As much as this Jesus has come to me in my church communities, he has also faced me as a Palestinian living under occupation in the Holy Land and a Hindu family in rural Nepal; Jesus has called to me in David, a man I’ve mentored in prison, and the men and women I served at a homeless shelter in Boston; Jesus has challenged and inspired me through Huda, Mike and Levi. This living Christ faces me every day, luring me ever deeper into God, the world and myself—with all the attending brokenness and joy, heartache and healing balm. This is the Jesus who saves; in Him is our faith; in Her is our hope; in our response to Them is our love displayed.
Recently, I have been thinking about Jesus through the lens of his Parable of the Prodigal Son (Lk. 15). Many sermons on this parable proclaim the father’s radical love for his “wastefully extravagant” (i.e. prodigal) son as an image of God’s love for all of his sinful people. Indeed, some have even re-dubbed it the parable of the “prodigal God,” shifting emphasis from the son’s dissolute living to the father’s “wastefully extravagant” love. As I read it again, however, I am drawn to an interpretation of Jesus as the prodigal son—the one who wanders off in impure living among prostitutes and other notorious sinners—and the father as the one whom we are invited to be. I don’t reject the former interpretations. I believe they convey an important part of Jesus’ gospel proclamation: God so loves the world! No matter what we have done, God is waiting for us to come home and even runs to us with open arms while we are still far off. This message’s staying power is a testament itself to our need to hear it.
However, there’s another part to Jesus’ ministry and message. He not only says that we are welcomed and loved—that the “most” detested, broken and sinful among us are honored guests at his table; he invites us to likewise welcome such as honored guests. In fact, in the chapter before this parable (Lk. 14), Jesus offers several “tips” for hosting banquets. Namely, don’t invite your friends, family, or rich neighbors because they can re-pay you. Instead, invite “the poor, the crippled, the lame and the blind.” Jesus emphatically repeats this exact phrase in the following parable, The Parable of the Great Dinner, which is then followed by that costly call to discipleship: “whoever does not carry the cross and follow me cannot be my disciple” (14:27).
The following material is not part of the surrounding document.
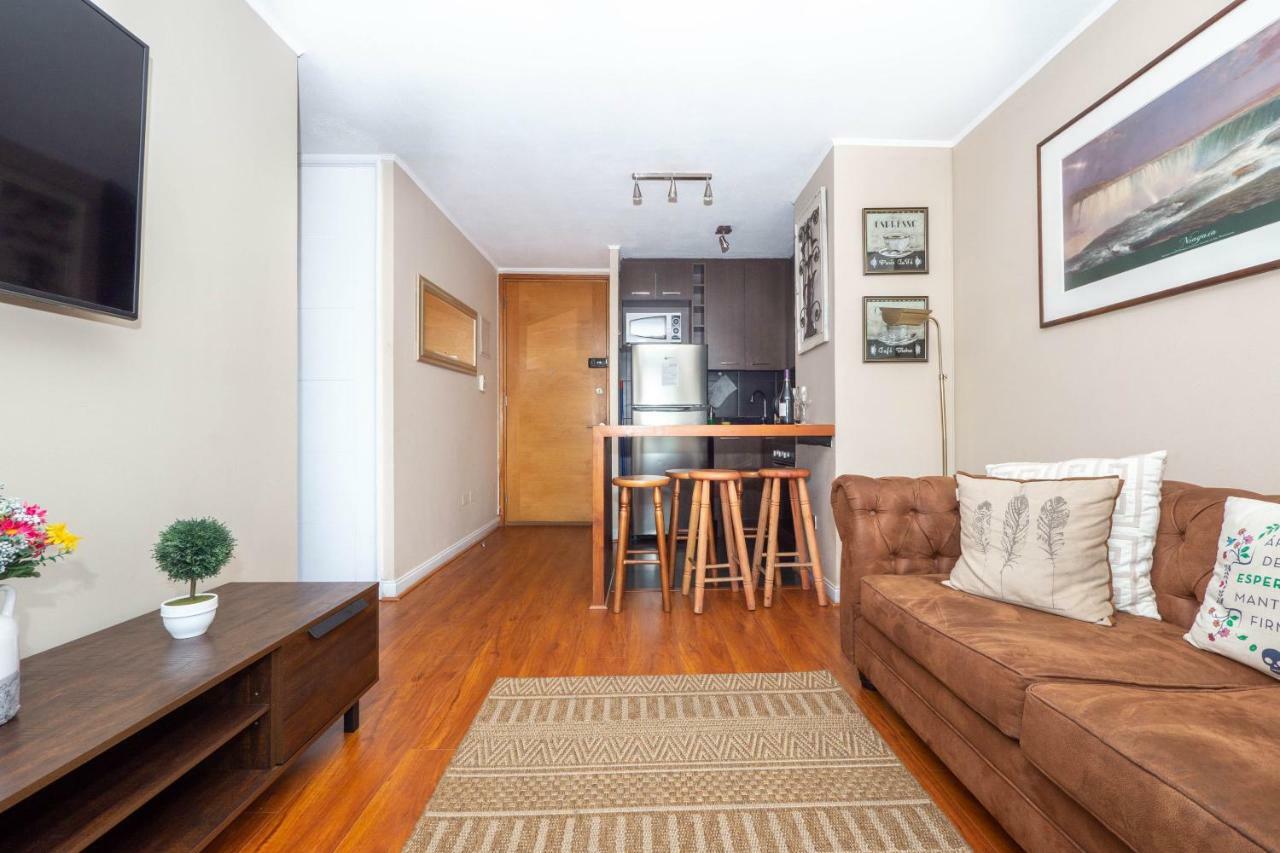 Boutique La Gloria Apartment Сантяго Екстериор снимка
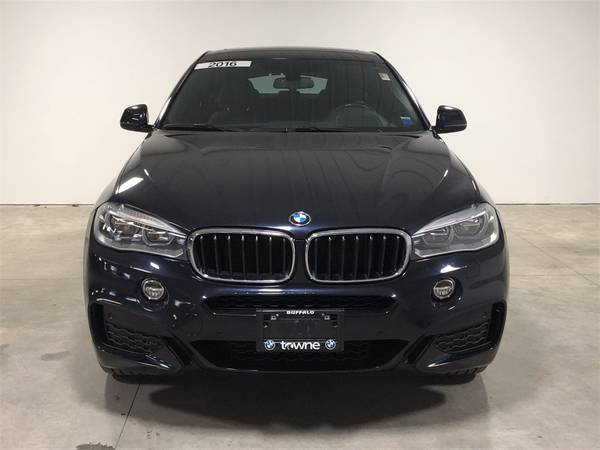 2016 BMW X6 xDrive35i - cars & trucks - by dealer - vehicle... for sale in Buffalo, NY – photo 12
This is the narrative context in which the Parable of the Prodigal Son is situated. So, what if Jesus is the prodigal? After all, the religious elite sought to delegitimize this “holy man” by calling him “a glutton and a drunkard, a friend of tax collectors and sinners” (Lk. 7:34; Matt. 11:19); surely a righteous prophet should not mix company with the “wretched of the earth!” Jesus often upends our conventional wisdom. Recall his words in another famous parable:
“Lord, when was it that we saw you hungry and gave you food, or thirsty and gave you something to drink? And when was it that we saw you a stranger and welcomed you, or naked and gave you clothing? And when was it that we saw you sick or in prison and visited you?” “Truly I tell you,” Jesus replied, “just as you did it to one of the least of these who are members of my family, you did it to me.” (Mt. 25)
Jesus comes to us again and again ever enfleshed in those before us, and we—you, me, the church—are invited to be like the father. We are not only offered extravagant love and mercy; we are also called to offer extravagant love and mercy to others. Indeed, in welcoming the prodigal Jesus, we celebrate and join him in the lavish sharing of the Father’s wealth. There is more than enough!